Traps to avoid

Traps to avoid when getting started with Perl 6

When learning a programming language, possibly with the background of being familiar with another programming language, there are always some things that can surprise you and might cost valuable time in debugging and discovery.

This document aims to show common misconceptions.

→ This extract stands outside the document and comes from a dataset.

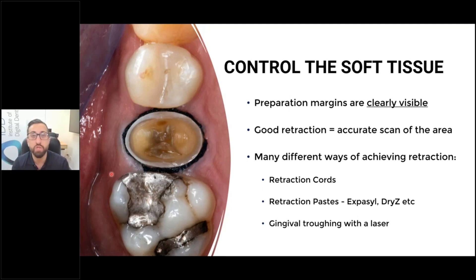I'll keep placing retraction cord until the soft tissue is no longer overlapping on my tooth preparation, because if it is, we're going to have an issue with the scan. The scanner cannot scan around gums — it's not like impression material where we used to have it in a syringe and squirt it past the gingiva and past the tooth preparation. A scanner is just a camera and it will pick up what you can see. The other benefit about retraction cord is it also helps you control bleeding and crevicular fluid.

During the making of Perl 6 great pains were taken to get rid of warts in the syntax. When you whack one wart, though, sometimes another pops up. So a lot of time was spent finding the minimum number of warts or trying to put them where they would rarely be seen. Because of this, Perl 6's warts are in different places than you may expect them to be when coming from another language.

Variables and Constants

Constants are Compile Time

Constants are computed at compile time, so if you use them in modules keep in mind their values will be frozen due to pre-compilation:

# WRONG (most likely): 
unit module Something::Or::Other;
constant $config-file = "config.txt".IO.slurp;

The $config-file will be slurped during precompilation and changes to config.txt file won't be re-loaded when you start the script again; only when the module is re-compiled.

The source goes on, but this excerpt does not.